What is needed:
Copy out and return the lines from the one holding "Departamento · 54m² · 2 Ambientes" to the end of the listing below, both included, omitting the pictures.

Supplied records:
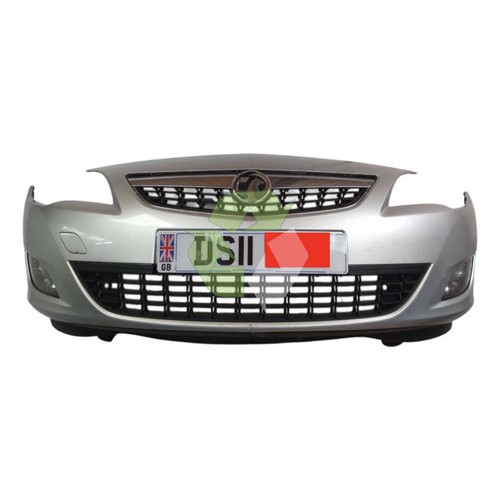 Vauxhall astra sri mk6 - vauxhall, (j)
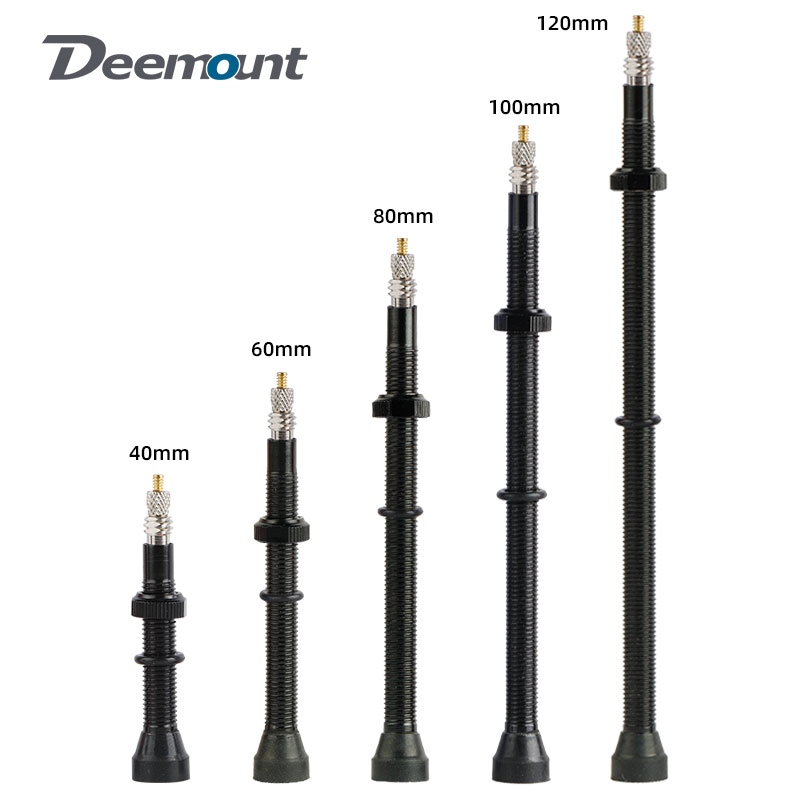 Bicycle No Tube Presta/FV Valv - огляд і ціна Tubeless Valve Core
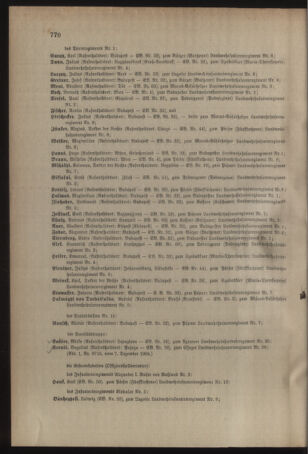 Kaiserlich-königliches Armee-Verordnungsblatt: Personal-Angelegenheiten 19041212 Seite: 68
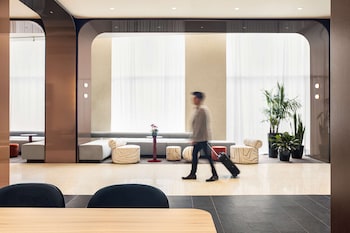 hyatt centric ville marie montreal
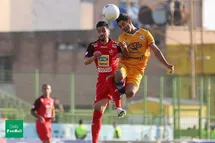 '2 بازیکن پرسپولیس در لیست مازاد قرار گرفتند'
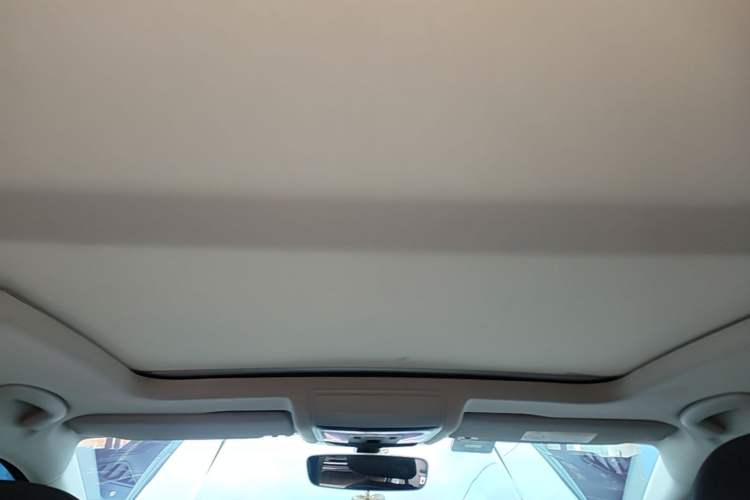 Used Volkswagen Passat 2022 330TSI Starry Elite Edition Headliner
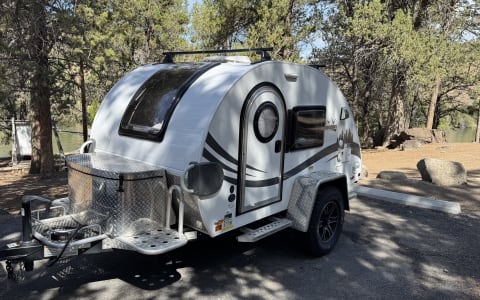 2021 T@G Boondock Teardrop Trailer – Adventure Rea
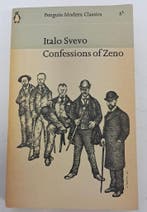 Confessions of Zeno - Italo Svevo (1964), Verzenden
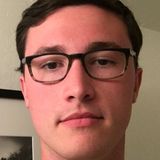 Scott from Menlo Park | Man | 26 years old | Pisces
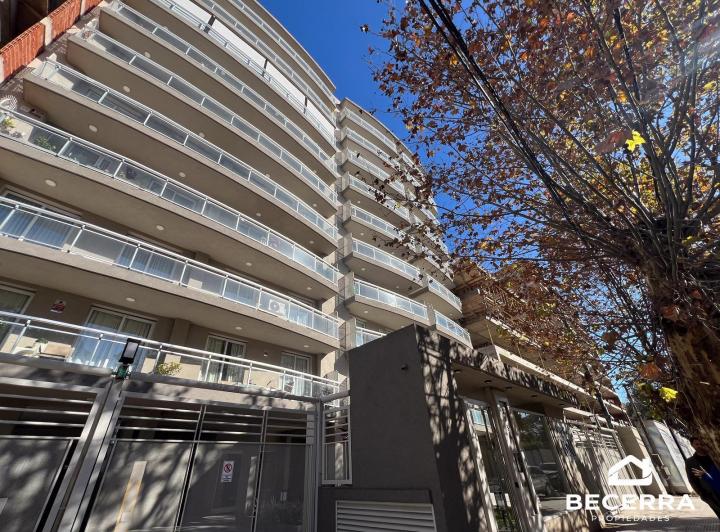 Departamento · 54m² · 2 Ambientes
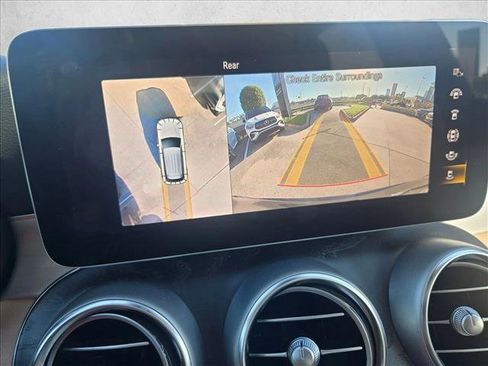 Certified 2022 Mercedes-Benz GLC 300 image 12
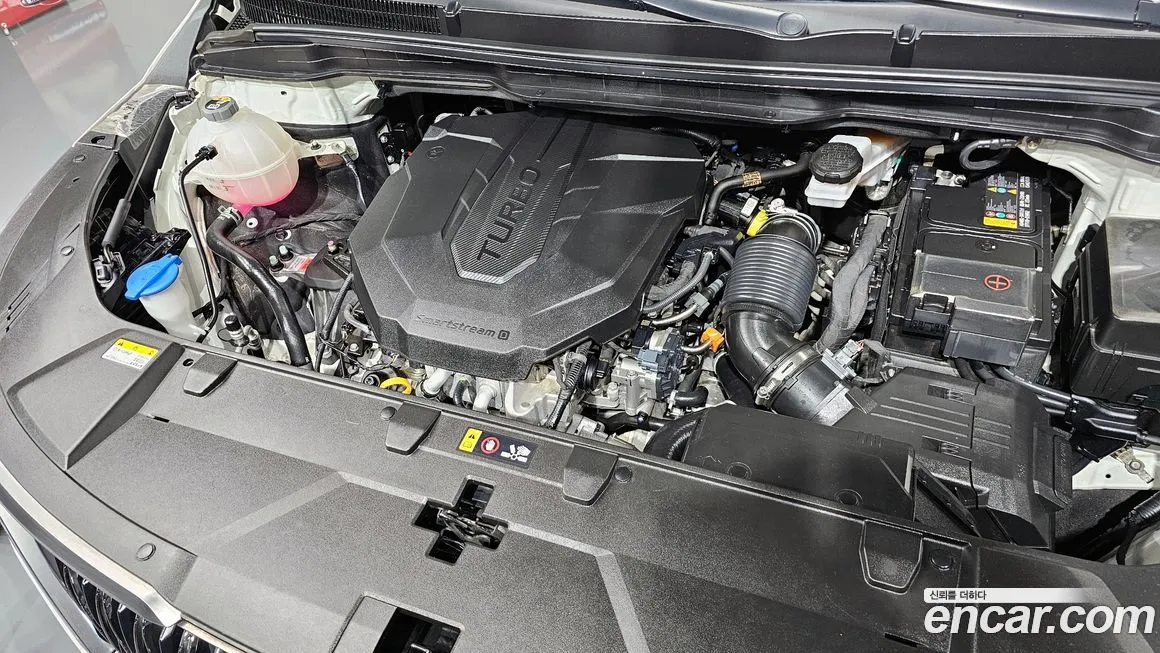 Kia Carnival — фото 10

Output for this exercise:
 Departamento · 54m² · 2 Ambientes
 Certified 2022 Mercedes-Benz GLC 300 image 12
 Kia Carnival — фото 10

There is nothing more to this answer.